> [YOUR OBJECTIVE] Where does the string "Sale" appear? Copy every line of the entries below that holds it.

* * *

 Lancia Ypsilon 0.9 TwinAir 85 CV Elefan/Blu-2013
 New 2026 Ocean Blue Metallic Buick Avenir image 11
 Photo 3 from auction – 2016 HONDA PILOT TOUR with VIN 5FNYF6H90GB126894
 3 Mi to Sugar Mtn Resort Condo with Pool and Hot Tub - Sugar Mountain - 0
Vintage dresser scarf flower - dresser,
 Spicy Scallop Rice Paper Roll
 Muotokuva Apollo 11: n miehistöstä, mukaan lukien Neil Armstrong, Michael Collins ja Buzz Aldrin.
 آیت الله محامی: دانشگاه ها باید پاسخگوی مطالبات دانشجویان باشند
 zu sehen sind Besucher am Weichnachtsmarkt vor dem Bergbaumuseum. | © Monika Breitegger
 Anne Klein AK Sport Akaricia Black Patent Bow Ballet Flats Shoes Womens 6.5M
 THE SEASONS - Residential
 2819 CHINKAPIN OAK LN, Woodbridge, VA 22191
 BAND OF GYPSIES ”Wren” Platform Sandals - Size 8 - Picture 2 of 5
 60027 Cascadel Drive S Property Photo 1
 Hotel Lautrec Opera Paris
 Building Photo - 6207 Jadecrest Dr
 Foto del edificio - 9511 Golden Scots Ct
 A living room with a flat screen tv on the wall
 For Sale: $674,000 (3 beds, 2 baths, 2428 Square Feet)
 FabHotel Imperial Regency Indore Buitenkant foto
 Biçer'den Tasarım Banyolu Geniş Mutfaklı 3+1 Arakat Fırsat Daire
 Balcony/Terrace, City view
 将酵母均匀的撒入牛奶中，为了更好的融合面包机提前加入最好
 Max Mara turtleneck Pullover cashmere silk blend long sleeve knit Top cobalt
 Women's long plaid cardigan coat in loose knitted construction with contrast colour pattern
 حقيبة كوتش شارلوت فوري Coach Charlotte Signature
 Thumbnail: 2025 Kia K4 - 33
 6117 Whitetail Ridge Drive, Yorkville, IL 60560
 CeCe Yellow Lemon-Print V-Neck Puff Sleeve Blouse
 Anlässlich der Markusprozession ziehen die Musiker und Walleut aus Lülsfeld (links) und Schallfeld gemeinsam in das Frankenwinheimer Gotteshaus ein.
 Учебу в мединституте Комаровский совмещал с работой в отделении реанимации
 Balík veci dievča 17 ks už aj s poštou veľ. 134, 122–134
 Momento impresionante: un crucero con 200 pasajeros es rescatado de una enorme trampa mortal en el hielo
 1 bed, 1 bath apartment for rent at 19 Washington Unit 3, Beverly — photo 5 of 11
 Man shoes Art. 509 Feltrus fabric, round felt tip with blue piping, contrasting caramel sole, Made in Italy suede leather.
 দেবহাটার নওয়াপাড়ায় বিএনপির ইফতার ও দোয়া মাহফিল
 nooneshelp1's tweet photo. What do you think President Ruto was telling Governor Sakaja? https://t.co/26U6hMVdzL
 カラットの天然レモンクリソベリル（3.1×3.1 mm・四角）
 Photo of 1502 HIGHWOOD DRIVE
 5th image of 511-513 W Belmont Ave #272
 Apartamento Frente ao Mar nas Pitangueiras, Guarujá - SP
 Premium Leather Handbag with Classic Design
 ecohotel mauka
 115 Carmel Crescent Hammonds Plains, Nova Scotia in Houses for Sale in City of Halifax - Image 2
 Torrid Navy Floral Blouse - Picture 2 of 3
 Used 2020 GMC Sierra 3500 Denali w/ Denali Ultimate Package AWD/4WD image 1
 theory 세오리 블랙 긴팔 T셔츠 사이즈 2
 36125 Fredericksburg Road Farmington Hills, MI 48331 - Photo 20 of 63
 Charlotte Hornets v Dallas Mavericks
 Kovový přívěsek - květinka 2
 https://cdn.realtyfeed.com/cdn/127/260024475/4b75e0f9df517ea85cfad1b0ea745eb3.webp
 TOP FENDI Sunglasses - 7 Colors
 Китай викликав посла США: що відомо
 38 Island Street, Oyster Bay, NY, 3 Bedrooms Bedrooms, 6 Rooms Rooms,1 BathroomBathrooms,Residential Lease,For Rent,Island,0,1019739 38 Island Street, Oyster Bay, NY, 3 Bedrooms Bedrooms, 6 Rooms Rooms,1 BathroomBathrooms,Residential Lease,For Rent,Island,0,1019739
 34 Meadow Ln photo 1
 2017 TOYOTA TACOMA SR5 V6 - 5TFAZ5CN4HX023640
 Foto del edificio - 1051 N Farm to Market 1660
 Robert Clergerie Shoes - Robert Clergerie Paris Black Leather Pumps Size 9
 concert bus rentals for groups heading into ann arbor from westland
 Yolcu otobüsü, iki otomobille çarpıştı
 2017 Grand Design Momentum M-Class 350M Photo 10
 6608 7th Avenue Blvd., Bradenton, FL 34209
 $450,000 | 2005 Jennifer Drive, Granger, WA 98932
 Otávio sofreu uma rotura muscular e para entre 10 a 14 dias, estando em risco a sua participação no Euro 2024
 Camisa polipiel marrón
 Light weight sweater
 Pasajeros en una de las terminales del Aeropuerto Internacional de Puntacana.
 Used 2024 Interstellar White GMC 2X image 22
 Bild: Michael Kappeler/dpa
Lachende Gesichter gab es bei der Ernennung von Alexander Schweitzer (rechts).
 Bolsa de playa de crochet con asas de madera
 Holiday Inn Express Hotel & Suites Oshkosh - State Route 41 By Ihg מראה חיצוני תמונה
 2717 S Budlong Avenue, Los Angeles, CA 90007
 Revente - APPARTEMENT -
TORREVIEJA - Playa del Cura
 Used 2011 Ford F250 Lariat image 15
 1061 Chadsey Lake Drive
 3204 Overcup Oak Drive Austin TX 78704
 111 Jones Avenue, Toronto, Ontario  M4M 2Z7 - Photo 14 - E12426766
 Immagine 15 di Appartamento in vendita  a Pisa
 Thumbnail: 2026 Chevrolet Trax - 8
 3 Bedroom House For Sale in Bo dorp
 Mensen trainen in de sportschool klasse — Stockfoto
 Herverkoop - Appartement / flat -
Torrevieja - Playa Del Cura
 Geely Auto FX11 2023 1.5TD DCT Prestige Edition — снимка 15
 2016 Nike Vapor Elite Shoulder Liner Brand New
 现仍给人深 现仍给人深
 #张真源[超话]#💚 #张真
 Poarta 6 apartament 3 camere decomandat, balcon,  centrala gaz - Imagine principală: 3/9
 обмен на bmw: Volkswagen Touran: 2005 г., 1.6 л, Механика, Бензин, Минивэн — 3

* * *

> [WRITTEN ANSWER]
 For Sale: $674,000 (3 beds, 2 baths, 2428 Square Feet)
 115 Carmel Crescent Hammonds Plains, Nova Scotia in Houses for Sale in City of Halifax - Image 2
 3 Bedroom House For Sale in Bo dorp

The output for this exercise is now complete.